[SUPPLIED INFORMATION Boundary: Start]

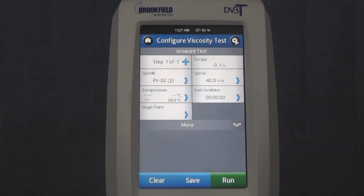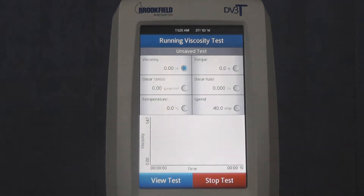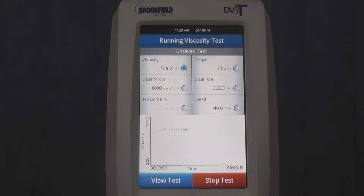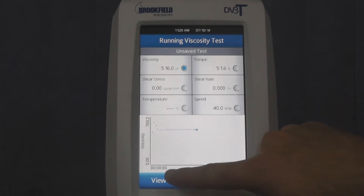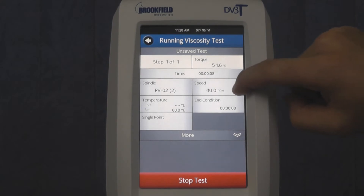You may have a need to change your spindle's rotational speed while performing a test. There are two ways in which this can be done. The first is the more basic of the two and can be done directly from the instrument during a test. All you have to do is press the view test button and then press the blue arrow in the speed field.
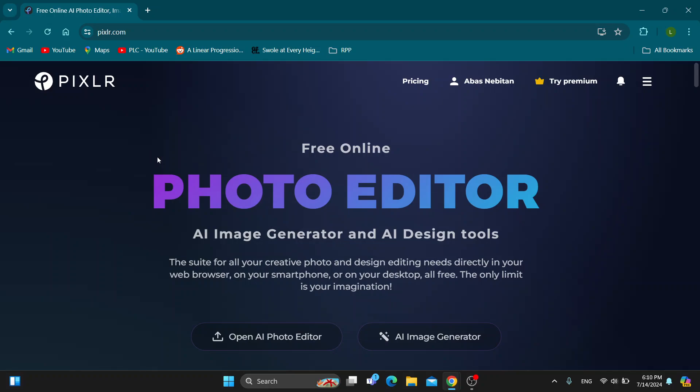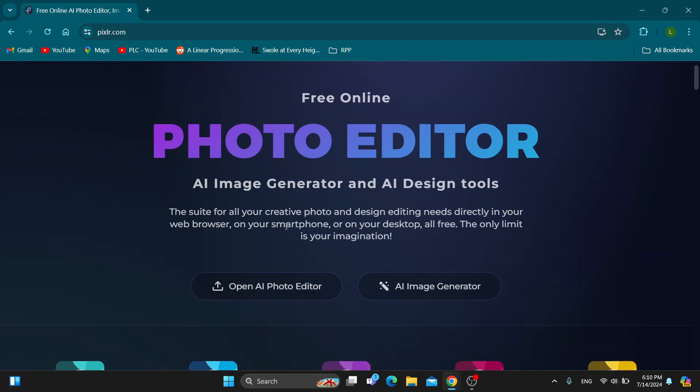The first thing you want to do is open up the official Pixlr website at Pixlr.com if you haven't already. After opening it up you'll be greeted by this main page which is the home page of Pixlr where we can get started logging into our account. Here in the upper right corner you'll have the login button, and if you do not already have an account just create a new one. After logging in you'll be greeted by this home page where we can start with opening up the photo editor.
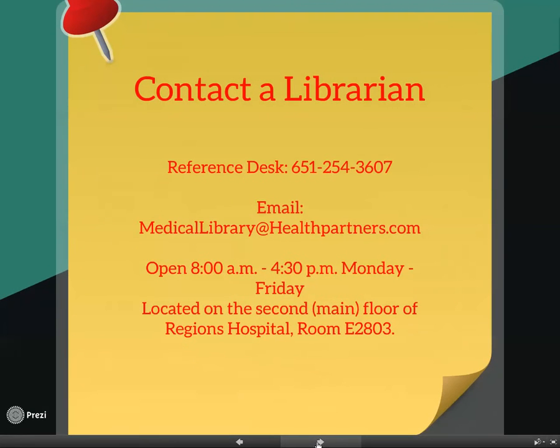If you have questions about this tutorial or because of your own research, contact a librarian.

[SUPPLIED INFORMATION Boundary: End]

(TASK ITEM)
Print the listing verbatim, images excluded.

(WRITTEN REPLY)
You may have a need to change your spindle's rotational speed while performing a test. There are two ways in which this can be done. The first is the more basic of the two and can be done directly from the instrument during a test. All you have to do is press the view test button and then press the blue arrow in the speed field.
The first thing you want to do is open up the official Pixlr website at Pixlr.com if you haven't already. After opening it up you'll be greeted by this main page which is the home page of Pixlr where we can get started logging into our account. Here in the upper right corner you'll have the login button, and if you do not already have an account just create a new one. After logging in you'll be greeted by this home page where we can start with opening up the photo editor.
If you have questions about this tutorial or because of your own research, contact a librarian.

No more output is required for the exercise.